A bank can get caught in the middle like PNC, the 17th-largest card issuer, according to The Nilson Report.

"Increasingly, banks are realizing they have to go one of two ways," said Nancy A. Bush, an analyst for Ryan, Beck & Co. Either "they have to be mega-huge," or they can view the credit card "as an adjunct product to everything else they offer."

Last week, PNC said it was selling its $2.9 billion of card loans to MBNA Corp., the third largest in the business.

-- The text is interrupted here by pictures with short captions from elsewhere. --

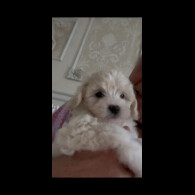 Poochon - Both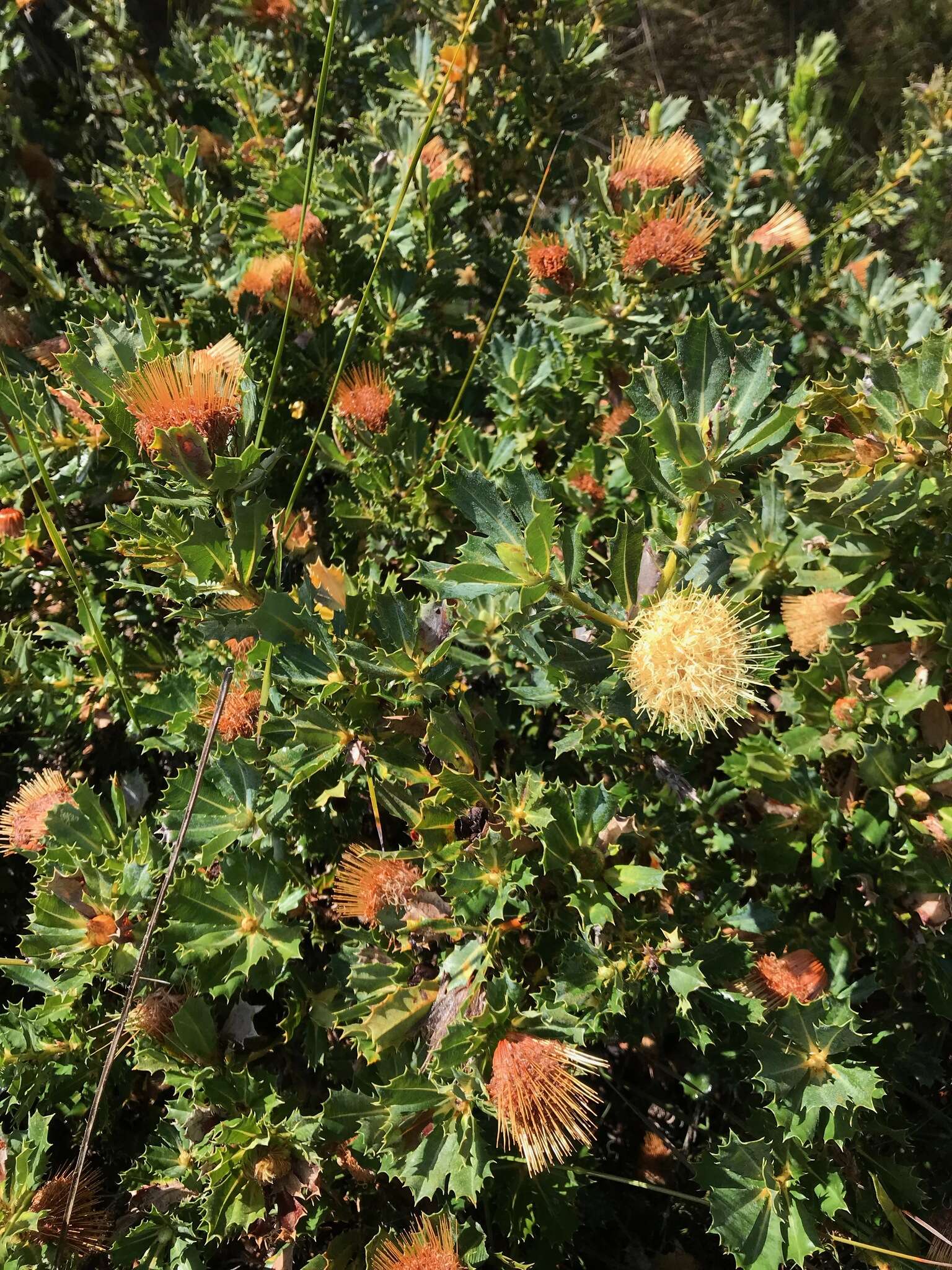 Sivun Banksia sessilis (Knight) A. R. Mast & K. R. Thiele kuva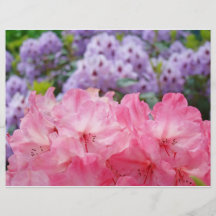 Los aviadores de encargo crean las flores florales tarjetas informativas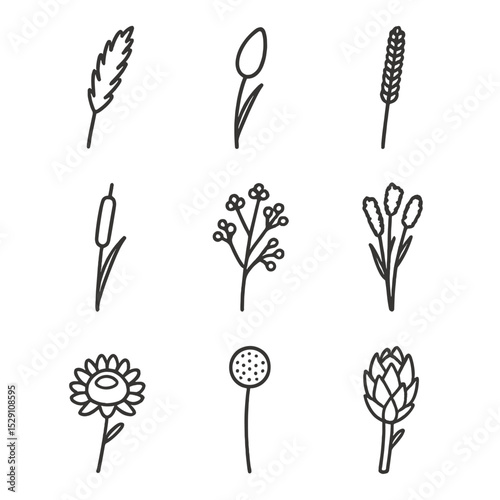 Dried Flower Icons. Outline icon set of dried flower arrangements: pampas grass plume, bunny tail grass, millet spray, cattail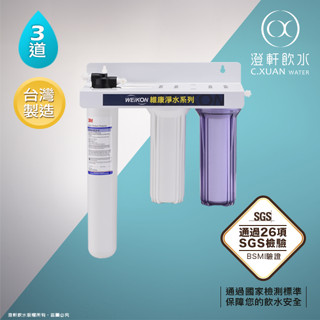 【澄軒飲水-臺北店】三道式【營業用】淨水器~採用原裝進口3M 9812 ELX/ 9812ELXS濾心【贈前2道一年份】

PNC executives said it made more sense to take the 15% premium MBNA is paying and distribute the gains to shareholders than it did to hold on to what has been a lackluster business.

PNC's attitude was different in January 1996 when its partnership with the American Automobile Association, whose official name is now just AAA, put it in a position to market cards to 36 million members. PNC was optimistic that the affinity alliance could drive it into the top tier.

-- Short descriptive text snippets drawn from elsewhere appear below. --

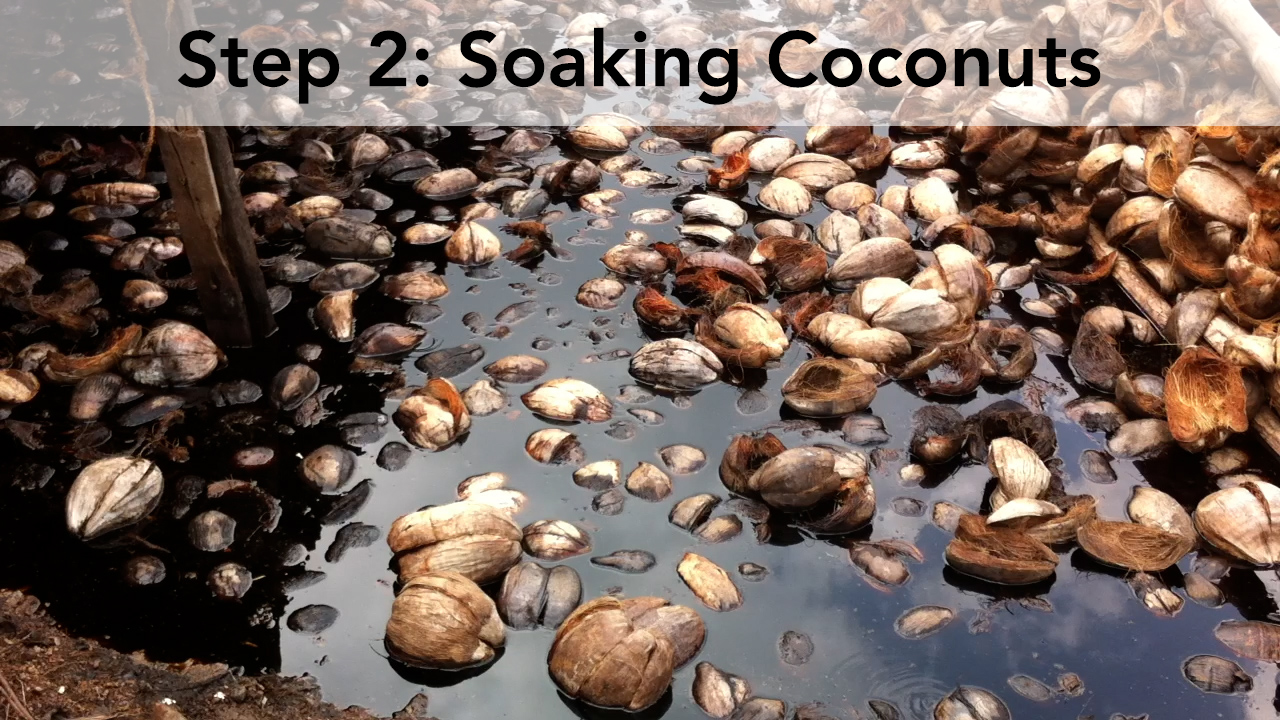 Step 2 Soaking Coconuts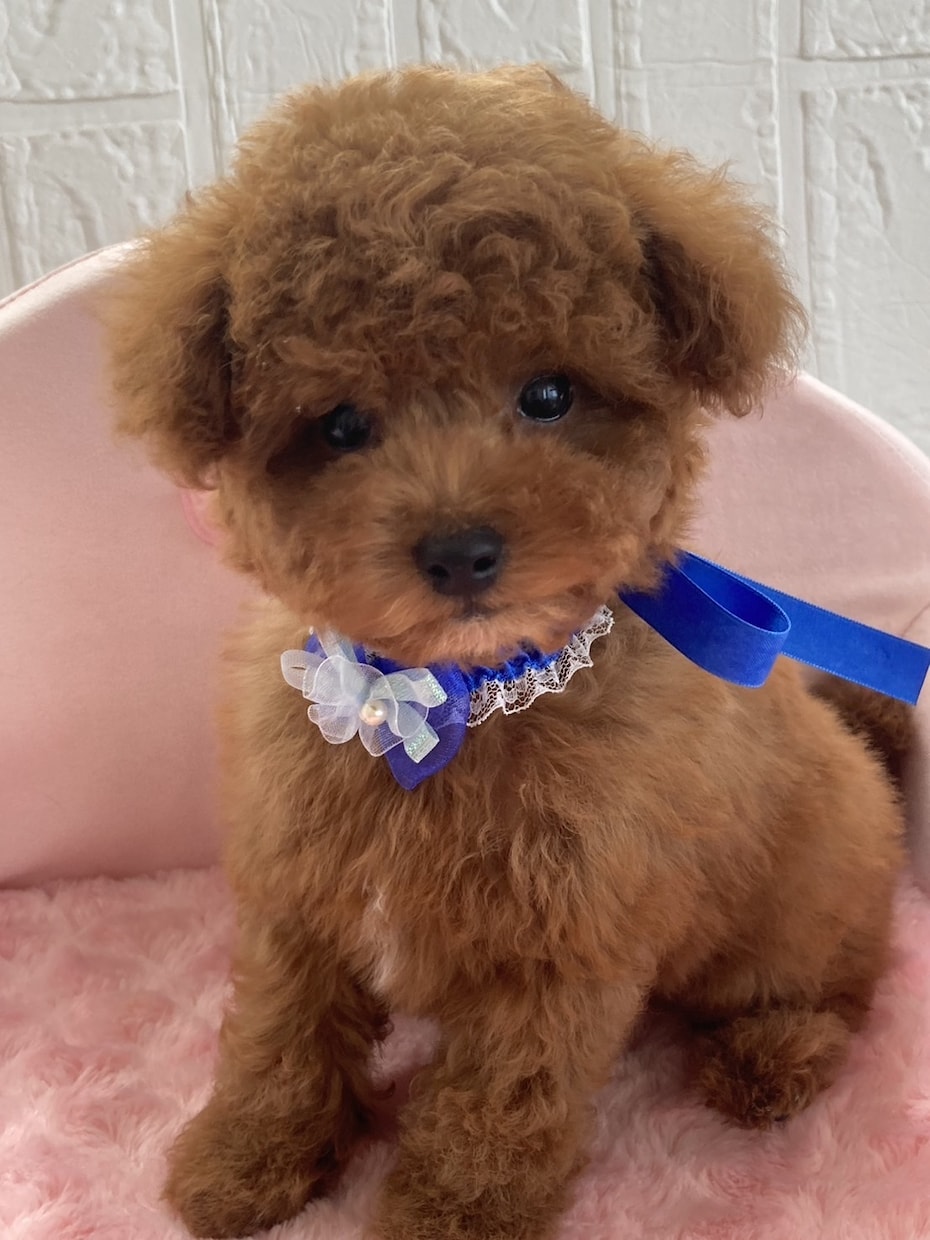 愛犬専用の遠隔ヒーリングします 愛犬にやさしい癒しを届ける遠隔ヒーリング イメージ1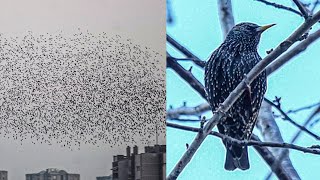 Starling murmuration very close flyby [upl. by Obed]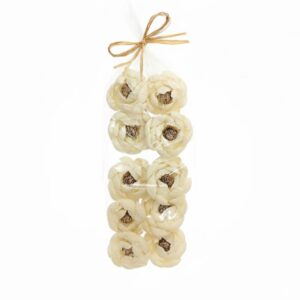 Set 10 pivoine shola beige diam 10 polybag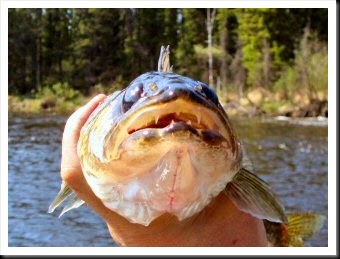 blog_June_3-5_2010_0[1]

But the program failed to ignite as hoped, though it may have helped attract a favorable price from MBNA. The Delaware-based monoline expressed an eagerness to market to AAA members; MBNA will also keep PNC's name on some cards.

The AAA program fits MBNA "like a glove," said James Shanahan, a partner in the Newark, Del., office of Business Dynamics Consulting Inc. "No one is as good at generating accounts as MBNA."

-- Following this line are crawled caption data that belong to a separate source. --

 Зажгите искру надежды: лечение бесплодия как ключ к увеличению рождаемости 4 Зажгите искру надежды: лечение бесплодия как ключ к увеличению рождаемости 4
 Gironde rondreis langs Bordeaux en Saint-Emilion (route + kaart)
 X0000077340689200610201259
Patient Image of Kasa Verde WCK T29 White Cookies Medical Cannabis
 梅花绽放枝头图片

MBNA says 80% of the growth in its managed loans is internally generated, rather than acquired. Even so, Mr. Shanahan said the company will need to seek out acquisitions to remain in the top echelon.

MBNA may need to acquire to keep pace with Citigroup's Citibank unit and Bank One Corp.'s First USA unit, the top two card issuers. First USA recently surpassed MBNA in outstandings, and Citibank retained its top ranking-now threatened by First USA-only by acquiring the AT&T Universal Card business this year.

Together, MBNA, First USA, and Citibank control more than 45% of U.S. credit card receivables.

As midsize and lower-tier issuers make their strategic choices, the biggest card specialists are picking up the pieces. First USA purchased portfolios in 1998 from Chevy Chase Bank ($5 billion) and Webster Bank of Waterbury, Conn. ($31 million). Providian Financial Corp. bought $2.2 billion from First Union Corp., which made a strategic decision to divest accounts outside its banking markets.

"It has become increasingly difficult for many issuers to compete, and selling is one alternative," said Jerry D. Craft, president of Inficorp, an Atlanta firm that manages credit card portfolios. PNC and Webster are former clients of his.

Mr. Craft said many banks' decisions are being guided by their sense that they lack the latest cards technology or the most experienced executives.

First USA and MBNA have mastered not only the affinity marketing technique, but also agent bank relationships. This year, MBNA has signed up Union Planters National Bank and National Commerce Bank, both of Memphis, to add to its 700 agent bank relationships.

Meanwhile, shedding credit cards will help PNC focus on some of its stronger business lines, like asset management and mutual funds, analysts said.

"It allows them to redeploy their resources-including their time and management attention-into areas that are much more appropriate for that company," said James M. Schutz, an analyst for ABN Amro Inc.

PNC's deal with MBNA marked the end of a gradual retreat from credit cards. This year a first-quarter spike in card chargeoffs was followed by the April resignation of James E. Gorman, president of the card operation. Bank executives said Mr. Gorman, who was never succeeded, disagreed with other managers about how to make the business grow.

In September, PNC sold $1 billion in receivables to Metris Cos., which specializes in subprime accounts.

Mr. Shanahan said PNC's move "just doesn't bode well for commercial banks when they can't muster the capability to compete successfully in these businesses. They need to be able to offer a wide range of consumer services to be successful over the long term."